Icons and Icon Fonts

Icons are another area where CSS can come in handy, as long as your icons are declared in CSS as well. For a detailed post of how to do this, see here.

HTML Elements

You can even eliminate most HTML elements and rely on code to generate them instead. I'm not suggesting this is always a good idea. For example, there's really no reason why you should replace a simple <p> tag with code, but it can be helpful for more exotic HTML tags or when using a library like Bootstrap.

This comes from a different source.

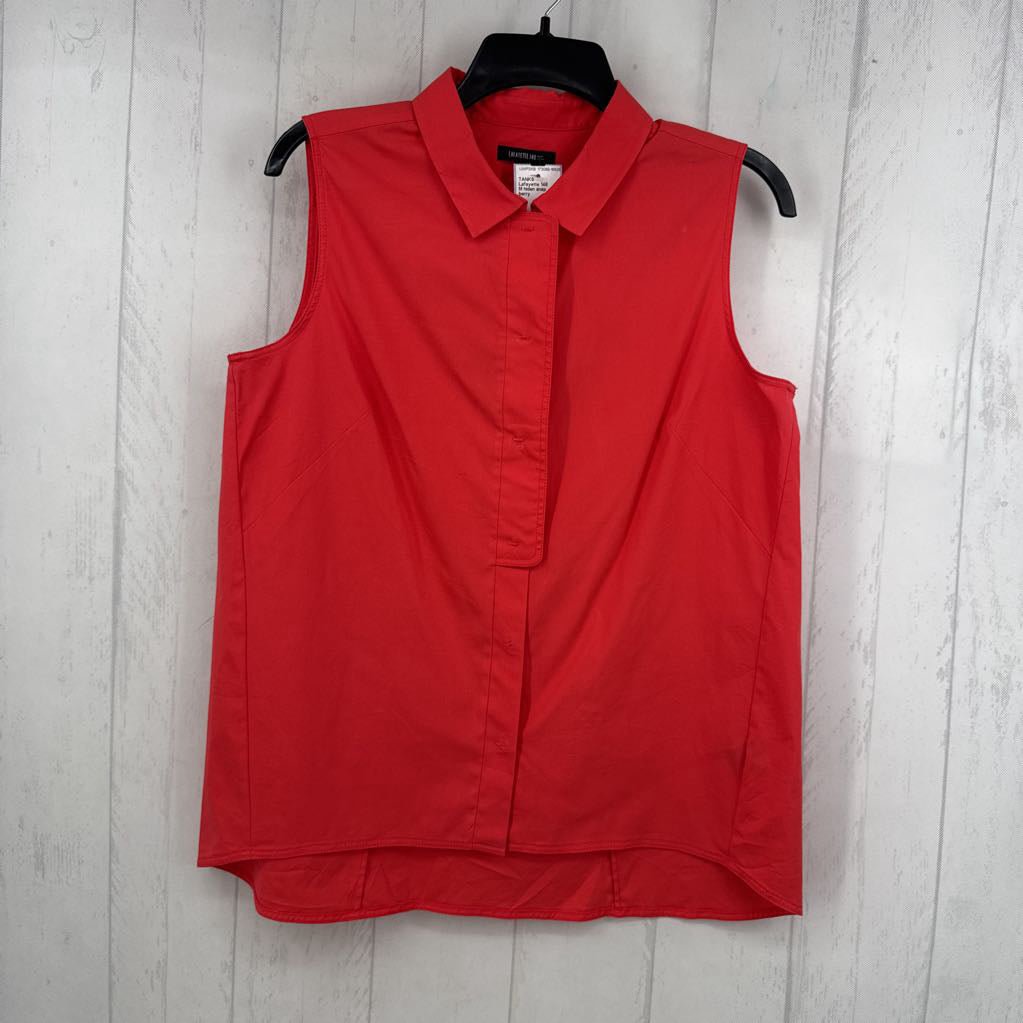 M hiden snap closure high-low slvs shirt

There are several libraries to assist in generating HTML from your view code. For starters, native ASP.NET MVC contains a number of HtmlHelper extensions to generate form elements. In the third-party space, the FubuMVC project published a library to create generic HTML elements via code. There are also wrappers for common CSS frameworks like Bootstrap such as TwitterBootstrapMVC or my own FluentBootstrap. There is also planned support for tag-like syntax for code helpers in ASP.NET vNext via Tag Helpers.

DIY

There is also a lot you can do in terms of best practice to eliminate magic strings. For example, try not to rely on dynamic objects if possible and use strongly-typed view models instead. Jimmy Bogard also has some good tips.

nameof()

Finally, it looks like the compiler and language designers are recognizing some of the problems with certain kinds of magic strings. One of the features I'm most looking forward to in C# 6 is the introduction of a new nameof() expression. It will return a string literal for any property and can help eliminate magic strings from error messages, validation checks, UI output, etc.